Archangel
The story begins in the Russia of the 1880s. Industrial reform had set the giant on a path to revolution, but even as conditions improved in name, they did not improve in reality. Serfdom was abolished, but poverty remained. Tensions ran high and though the revolt was a good half-century away, the first stirrings of unrest were already evident.
This, however, has no bearing whatsoever on Aleksandr's history, except perhaps that such
social unrest stirred unrest, also, in the Kindred of local and neighboring lands, which in
turn might have spawned a hideous experiment carried out amidst the jagged peaks that the
Tzimisce lorded over. The idea, born of a pack consisting mostly of Kolduns, was to create
a sort of mental supersoldier: a pawn at once brilliant and ruthless, with the power to
destroy with but a thought.

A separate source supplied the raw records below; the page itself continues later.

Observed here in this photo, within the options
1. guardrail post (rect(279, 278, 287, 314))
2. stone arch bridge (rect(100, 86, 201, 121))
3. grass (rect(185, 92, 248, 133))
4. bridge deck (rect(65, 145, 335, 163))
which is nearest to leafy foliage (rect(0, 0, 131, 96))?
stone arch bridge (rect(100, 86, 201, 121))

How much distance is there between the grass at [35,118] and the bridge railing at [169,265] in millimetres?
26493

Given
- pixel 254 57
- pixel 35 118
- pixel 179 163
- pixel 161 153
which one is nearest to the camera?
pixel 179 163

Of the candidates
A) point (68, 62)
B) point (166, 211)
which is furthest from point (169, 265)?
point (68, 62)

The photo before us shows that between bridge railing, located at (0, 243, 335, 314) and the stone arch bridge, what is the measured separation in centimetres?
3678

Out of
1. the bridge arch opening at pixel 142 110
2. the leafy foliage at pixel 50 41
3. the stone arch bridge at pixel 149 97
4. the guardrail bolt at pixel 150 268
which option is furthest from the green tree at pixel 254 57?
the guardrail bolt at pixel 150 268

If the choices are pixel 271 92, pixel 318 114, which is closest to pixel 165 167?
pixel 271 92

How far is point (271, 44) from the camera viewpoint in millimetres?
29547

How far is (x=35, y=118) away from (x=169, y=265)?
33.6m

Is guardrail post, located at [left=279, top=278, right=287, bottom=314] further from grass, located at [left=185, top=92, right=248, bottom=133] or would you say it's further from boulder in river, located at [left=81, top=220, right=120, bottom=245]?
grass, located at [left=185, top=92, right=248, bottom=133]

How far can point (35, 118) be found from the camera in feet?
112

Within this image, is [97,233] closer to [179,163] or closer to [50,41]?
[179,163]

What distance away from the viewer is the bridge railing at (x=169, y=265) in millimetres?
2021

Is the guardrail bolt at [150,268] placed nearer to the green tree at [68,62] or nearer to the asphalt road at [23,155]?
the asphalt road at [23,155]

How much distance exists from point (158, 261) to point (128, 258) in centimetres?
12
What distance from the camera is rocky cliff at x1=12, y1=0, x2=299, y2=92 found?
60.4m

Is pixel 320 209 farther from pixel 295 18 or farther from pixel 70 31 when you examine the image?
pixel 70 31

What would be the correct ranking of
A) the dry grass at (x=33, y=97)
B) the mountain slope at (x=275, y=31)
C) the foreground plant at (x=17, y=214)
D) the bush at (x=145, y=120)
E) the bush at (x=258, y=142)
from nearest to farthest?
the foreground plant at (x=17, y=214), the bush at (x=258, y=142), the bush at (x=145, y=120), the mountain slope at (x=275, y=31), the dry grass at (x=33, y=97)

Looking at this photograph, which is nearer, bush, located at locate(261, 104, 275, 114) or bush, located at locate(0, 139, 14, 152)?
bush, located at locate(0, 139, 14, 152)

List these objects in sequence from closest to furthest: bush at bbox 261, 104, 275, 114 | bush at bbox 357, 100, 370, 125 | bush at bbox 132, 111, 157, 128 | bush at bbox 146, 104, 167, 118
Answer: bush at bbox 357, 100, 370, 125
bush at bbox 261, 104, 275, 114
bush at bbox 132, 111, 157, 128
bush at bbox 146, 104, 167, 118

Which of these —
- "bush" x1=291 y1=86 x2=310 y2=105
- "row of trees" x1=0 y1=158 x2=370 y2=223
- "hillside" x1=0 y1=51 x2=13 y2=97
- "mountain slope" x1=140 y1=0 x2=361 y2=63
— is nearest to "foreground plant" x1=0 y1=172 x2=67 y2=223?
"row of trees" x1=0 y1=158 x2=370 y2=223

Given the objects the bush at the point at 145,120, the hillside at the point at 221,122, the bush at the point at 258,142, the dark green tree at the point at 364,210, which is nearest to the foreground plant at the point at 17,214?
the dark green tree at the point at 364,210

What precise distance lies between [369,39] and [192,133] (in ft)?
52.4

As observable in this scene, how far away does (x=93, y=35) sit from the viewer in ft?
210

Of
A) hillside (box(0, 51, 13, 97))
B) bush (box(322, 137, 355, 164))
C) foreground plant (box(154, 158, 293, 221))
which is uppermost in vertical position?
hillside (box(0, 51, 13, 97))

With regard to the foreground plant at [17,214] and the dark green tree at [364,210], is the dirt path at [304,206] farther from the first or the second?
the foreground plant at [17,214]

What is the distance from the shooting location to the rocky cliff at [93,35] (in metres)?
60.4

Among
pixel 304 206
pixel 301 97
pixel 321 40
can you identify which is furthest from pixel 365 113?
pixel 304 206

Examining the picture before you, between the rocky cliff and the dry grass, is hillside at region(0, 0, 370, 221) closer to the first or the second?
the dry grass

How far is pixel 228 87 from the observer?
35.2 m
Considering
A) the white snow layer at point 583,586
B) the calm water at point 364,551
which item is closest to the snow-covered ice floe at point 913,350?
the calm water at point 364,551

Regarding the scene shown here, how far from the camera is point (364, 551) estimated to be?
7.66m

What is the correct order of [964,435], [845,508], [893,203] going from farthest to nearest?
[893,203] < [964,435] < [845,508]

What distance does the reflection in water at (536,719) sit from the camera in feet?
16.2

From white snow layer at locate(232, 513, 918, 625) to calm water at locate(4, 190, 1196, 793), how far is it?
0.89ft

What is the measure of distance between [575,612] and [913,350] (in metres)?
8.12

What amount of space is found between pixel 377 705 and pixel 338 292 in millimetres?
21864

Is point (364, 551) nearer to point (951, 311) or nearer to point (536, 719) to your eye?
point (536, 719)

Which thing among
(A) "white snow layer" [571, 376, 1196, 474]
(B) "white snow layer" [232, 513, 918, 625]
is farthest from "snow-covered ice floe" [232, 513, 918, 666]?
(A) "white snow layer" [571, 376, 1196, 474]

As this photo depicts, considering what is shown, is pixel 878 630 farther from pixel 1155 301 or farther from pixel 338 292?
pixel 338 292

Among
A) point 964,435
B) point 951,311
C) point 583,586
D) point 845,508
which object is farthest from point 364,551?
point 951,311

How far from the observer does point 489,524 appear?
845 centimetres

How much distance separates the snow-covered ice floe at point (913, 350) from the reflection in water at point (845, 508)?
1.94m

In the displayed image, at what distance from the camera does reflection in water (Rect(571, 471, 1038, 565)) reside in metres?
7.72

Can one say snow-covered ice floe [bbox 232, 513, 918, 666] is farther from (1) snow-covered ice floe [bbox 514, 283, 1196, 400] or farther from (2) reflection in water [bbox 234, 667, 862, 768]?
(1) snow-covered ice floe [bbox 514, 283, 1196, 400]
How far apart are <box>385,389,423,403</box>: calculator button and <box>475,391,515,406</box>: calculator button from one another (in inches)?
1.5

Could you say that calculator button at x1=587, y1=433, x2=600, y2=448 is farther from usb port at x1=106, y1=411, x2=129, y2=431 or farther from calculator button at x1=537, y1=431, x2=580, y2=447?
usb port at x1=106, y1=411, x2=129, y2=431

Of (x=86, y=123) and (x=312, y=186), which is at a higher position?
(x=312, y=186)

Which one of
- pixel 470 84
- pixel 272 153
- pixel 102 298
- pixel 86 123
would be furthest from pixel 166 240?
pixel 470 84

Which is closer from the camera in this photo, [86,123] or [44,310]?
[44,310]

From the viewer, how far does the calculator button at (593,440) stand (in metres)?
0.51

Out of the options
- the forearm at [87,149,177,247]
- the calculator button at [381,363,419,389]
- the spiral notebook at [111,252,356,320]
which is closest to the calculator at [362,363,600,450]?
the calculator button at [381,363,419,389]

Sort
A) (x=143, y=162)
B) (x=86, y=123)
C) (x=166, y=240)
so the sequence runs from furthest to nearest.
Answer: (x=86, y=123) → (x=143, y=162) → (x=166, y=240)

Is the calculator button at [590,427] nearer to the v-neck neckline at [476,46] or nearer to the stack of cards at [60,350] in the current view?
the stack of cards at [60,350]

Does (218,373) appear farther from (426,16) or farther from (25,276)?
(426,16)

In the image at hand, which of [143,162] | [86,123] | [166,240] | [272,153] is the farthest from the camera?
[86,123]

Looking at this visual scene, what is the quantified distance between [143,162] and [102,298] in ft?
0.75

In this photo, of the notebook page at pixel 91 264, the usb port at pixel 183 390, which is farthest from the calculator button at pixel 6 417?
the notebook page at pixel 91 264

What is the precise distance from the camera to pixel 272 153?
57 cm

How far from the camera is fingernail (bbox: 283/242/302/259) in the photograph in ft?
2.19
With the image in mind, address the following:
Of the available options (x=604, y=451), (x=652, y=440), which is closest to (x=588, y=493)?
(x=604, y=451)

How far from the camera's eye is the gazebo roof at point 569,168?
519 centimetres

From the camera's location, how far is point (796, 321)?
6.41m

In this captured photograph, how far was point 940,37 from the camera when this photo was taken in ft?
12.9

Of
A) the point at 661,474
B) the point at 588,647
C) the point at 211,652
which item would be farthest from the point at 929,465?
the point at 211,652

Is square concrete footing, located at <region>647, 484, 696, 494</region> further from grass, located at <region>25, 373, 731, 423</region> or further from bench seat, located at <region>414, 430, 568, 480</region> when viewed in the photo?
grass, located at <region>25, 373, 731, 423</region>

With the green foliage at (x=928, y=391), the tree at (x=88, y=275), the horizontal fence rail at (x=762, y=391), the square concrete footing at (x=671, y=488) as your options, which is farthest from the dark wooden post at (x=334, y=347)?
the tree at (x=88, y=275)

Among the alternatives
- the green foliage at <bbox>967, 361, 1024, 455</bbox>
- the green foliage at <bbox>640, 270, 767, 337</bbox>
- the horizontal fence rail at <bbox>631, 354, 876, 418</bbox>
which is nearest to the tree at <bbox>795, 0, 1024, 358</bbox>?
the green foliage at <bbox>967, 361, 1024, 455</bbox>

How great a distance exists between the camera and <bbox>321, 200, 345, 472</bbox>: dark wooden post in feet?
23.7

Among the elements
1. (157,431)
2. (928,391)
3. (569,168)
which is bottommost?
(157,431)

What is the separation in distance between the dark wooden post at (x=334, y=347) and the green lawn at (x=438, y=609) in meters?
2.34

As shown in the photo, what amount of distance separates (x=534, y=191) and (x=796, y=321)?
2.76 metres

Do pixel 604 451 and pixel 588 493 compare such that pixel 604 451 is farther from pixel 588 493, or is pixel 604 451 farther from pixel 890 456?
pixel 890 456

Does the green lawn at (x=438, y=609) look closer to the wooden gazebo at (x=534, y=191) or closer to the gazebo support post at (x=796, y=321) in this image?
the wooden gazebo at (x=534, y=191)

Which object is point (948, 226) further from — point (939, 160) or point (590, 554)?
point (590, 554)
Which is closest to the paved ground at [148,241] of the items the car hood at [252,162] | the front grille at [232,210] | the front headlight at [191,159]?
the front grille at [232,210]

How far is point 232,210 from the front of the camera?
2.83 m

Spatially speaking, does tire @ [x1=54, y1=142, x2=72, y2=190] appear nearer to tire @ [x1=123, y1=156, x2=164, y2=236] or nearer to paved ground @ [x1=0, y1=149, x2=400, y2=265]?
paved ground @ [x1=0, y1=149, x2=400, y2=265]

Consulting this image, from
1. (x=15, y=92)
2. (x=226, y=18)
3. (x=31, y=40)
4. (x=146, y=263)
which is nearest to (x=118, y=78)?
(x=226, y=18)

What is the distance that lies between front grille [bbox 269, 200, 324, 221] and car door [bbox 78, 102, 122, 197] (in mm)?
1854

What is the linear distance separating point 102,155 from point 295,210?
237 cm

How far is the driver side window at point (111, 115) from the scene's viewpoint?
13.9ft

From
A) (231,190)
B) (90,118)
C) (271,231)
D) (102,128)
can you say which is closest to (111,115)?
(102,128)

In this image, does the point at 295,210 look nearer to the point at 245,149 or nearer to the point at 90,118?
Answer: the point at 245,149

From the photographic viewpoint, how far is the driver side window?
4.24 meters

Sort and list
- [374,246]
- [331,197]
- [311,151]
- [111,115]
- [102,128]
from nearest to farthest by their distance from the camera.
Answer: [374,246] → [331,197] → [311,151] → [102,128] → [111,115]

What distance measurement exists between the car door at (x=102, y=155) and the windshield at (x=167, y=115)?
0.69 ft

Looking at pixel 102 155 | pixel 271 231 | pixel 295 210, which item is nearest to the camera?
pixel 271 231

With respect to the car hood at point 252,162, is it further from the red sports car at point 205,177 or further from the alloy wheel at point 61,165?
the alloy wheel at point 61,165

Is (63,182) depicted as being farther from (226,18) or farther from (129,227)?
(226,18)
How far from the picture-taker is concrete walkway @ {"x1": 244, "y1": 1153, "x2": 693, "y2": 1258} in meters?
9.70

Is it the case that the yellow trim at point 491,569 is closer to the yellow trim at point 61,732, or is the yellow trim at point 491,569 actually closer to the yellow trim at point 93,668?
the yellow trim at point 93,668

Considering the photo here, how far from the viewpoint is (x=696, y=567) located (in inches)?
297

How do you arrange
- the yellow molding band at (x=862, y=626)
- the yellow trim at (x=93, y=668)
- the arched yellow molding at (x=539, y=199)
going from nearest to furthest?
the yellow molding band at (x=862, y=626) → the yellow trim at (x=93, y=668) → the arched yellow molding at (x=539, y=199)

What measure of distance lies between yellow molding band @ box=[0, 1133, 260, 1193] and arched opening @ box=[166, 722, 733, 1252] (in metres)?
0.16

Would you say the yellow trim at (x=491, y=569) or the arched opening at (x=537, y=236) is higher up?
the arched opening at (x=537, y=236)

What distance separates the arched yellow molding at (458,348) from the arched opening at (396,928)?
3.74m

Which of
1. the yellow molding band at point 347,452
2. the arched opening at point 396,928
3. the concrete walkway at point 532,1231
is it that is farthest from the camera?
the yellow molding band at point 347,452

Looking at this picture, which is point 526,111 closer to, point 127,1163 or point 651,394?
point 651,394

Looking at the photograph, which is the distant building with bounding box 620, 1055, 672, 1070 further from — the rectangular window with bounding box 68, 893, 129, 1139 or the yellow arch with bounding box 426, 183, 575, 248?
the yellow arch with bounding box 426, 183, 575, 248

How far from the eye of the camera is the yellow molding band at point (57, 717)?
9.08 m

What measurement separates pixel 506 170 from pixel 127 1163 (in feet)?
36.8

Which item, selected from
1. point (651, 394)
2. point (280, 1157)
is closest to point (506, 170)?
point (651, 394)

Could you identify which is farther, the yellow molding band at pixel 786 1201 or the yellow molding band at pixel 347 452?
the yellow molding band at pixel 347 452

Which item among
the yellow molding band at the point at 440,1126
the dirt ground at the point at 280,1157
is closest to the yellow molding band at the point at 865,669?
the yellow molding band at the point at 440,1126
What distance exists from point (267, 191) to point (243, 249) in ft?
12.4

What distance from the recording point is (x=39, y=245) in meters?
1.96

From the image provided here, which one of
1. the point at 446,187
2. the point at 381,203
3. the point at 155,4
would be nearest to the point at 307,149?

The most brilliant minds of Eastern Europe were rounded up and
spirited away for intensive screening. Only the intelligent, strong and ruthless made it
out alive. Some would call them lucky. Most would call them cursed.
Nearly two hundred entered the haven of the pack; scarcely two score survived the initial screening. These were then Embraced and buried alive in accordance to Sabbat rituals, and of the forty-odd, less than twenty emerged, shrieking and mindless, from the bowels of the earth. Again were they screened, and this time, six remained: geniuses, all, and monsters, all.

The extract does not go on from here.